Access your bucket, and upload the three files (with public access).

For this tutorial, you need to edit page metadata. Click on page file, select Metadata and edit Content-type to text/html.

Get the site URL at the bucket, and test your new website. For now, click on the file and click at the link.

The pages work fine, but not the links. To fix it, we can just use Static website hosting.

  1. Go to your bucket root;
  2. Select Properties;
  3. Select Static website hosting;
  4. Select Use this bucket to host a website;
  5. Fill index.html at Index document;
  6. Copy the endpoint (top);
  7. Save.

You can test and see all links working fine. The problem here is that we don’t want this big amazon endpoint. So let’s fix it with CloudFlare.

Setting up CloudFlare

Configure your domain (in my case, it is rafaelhdr.com.br) at Add site, or just select your domain.

At DNS tab, add a CNAME with your domain (rafaelhdr.com.br) and add the endpoint you from AWS S3 website (you copied it at the last step) excluding the protocol, for example YOUR_DOMAIN.s3-website-us-west-2.amazonaws.com.

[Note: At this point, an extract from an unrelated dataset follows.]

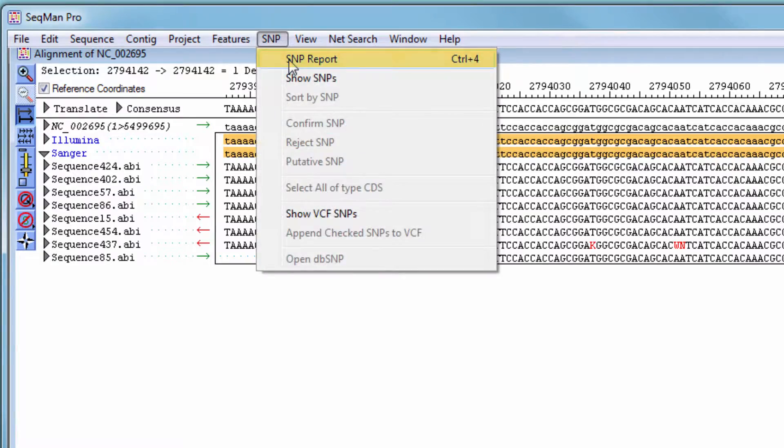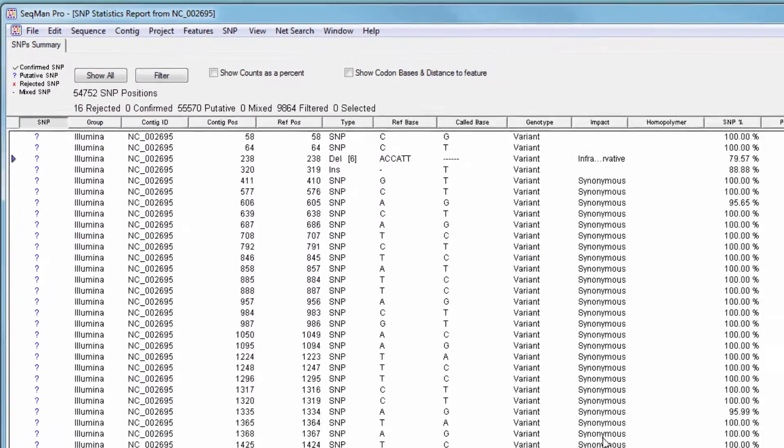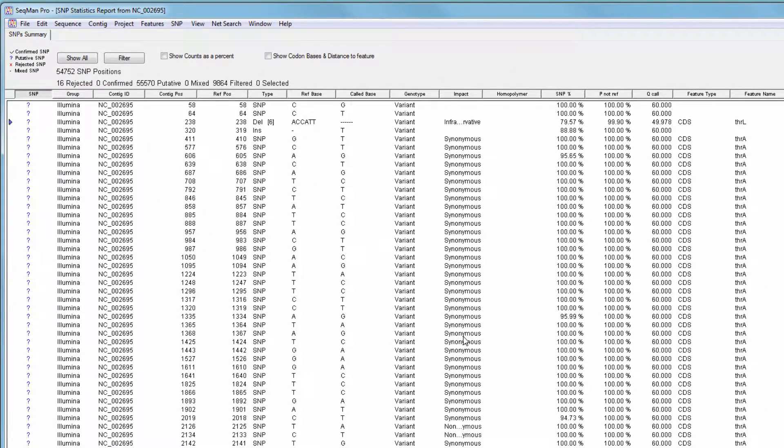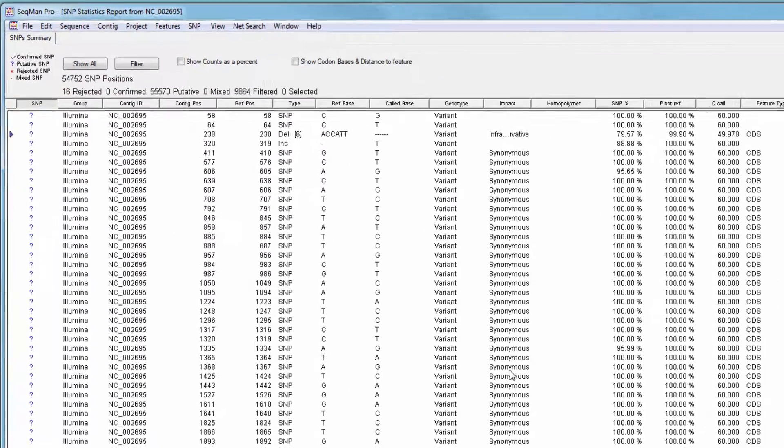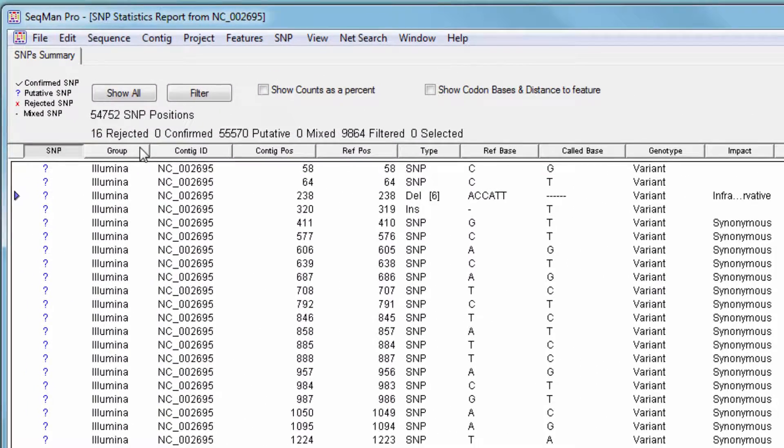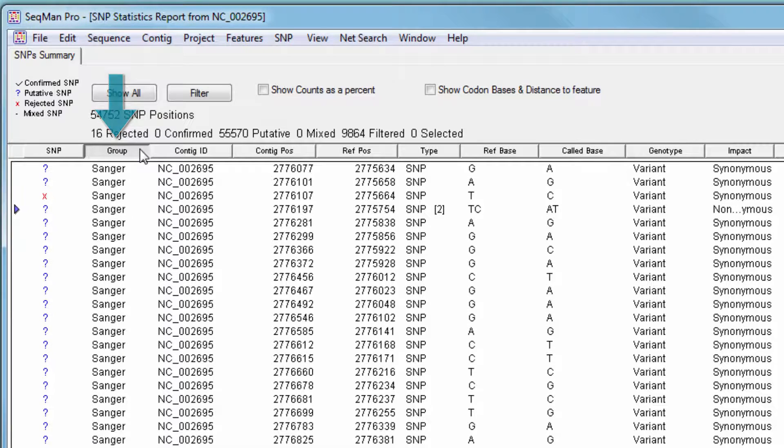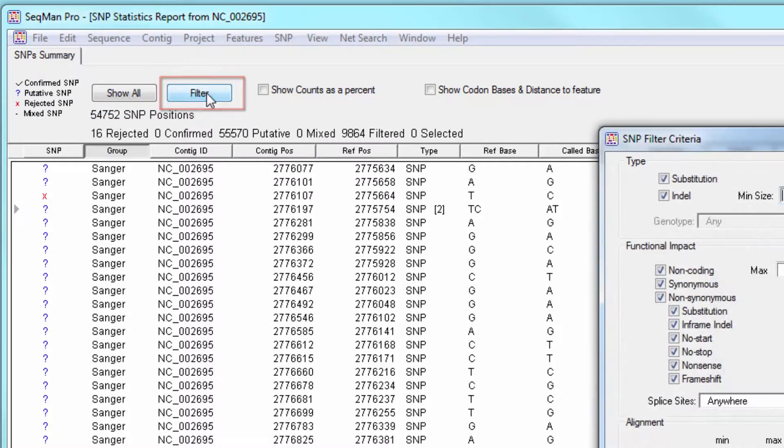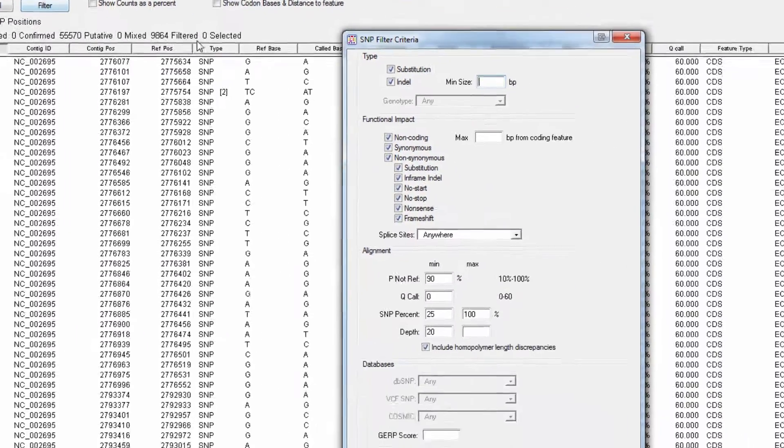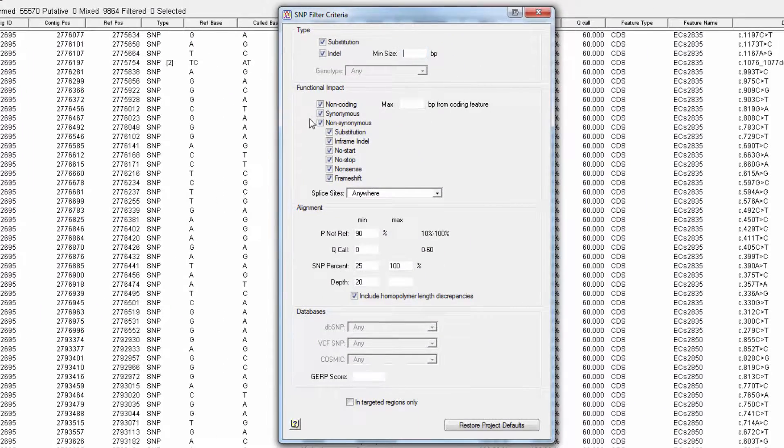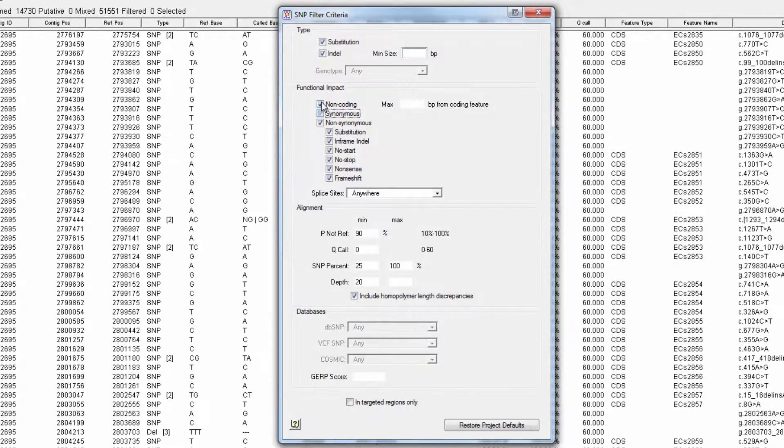Use the SNP report to locate variants of interest. Here, you can sort by group to group the variants from each read technology together, and use the available filtering options to narrow the list down to variants of interest.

That is all. Your website is working with AWS S3 and Cloudflare.

Using CloudFront

So, for now, you are using Full SSL with CloudFlare, but not Full (Strict). That means the connection between the client and CloudFlare is encrypted, but it is not between CloudFlare and AWS. You can solve this with AWS CloudFront.

Go to AWS Console, at CloudFront.

  1. Create a Distribution;
  2. Click on Get started;
  3. Select your domain at Origin Domain Name. Keep all default options, except:
    • Viewer Protocol Policy select Redirect HTTP to HTTPS;
    • Price Class select Use only US, Canada and Europe;
    • Alternate Domain Names (CNAMEs) add your domain;
    • Default Root Object set index.html;
    • Later, check all options and you can decide what is better for you;
  4. Click on Create distribution.

You can see the progress, and after some time, it will change the Status In progress to Deployed.

At the Domain name, you will find out the domain name. You can test it.

And at last, you can edit your CloudFlare DNS. Change your CNAME from the AWS S3 Static Website address to the AWS CloudFront Domain Name (SOMETHING.cloudfront.net).

Now, your site is working AWS S3 and CloudFront using CloudFlare CDN.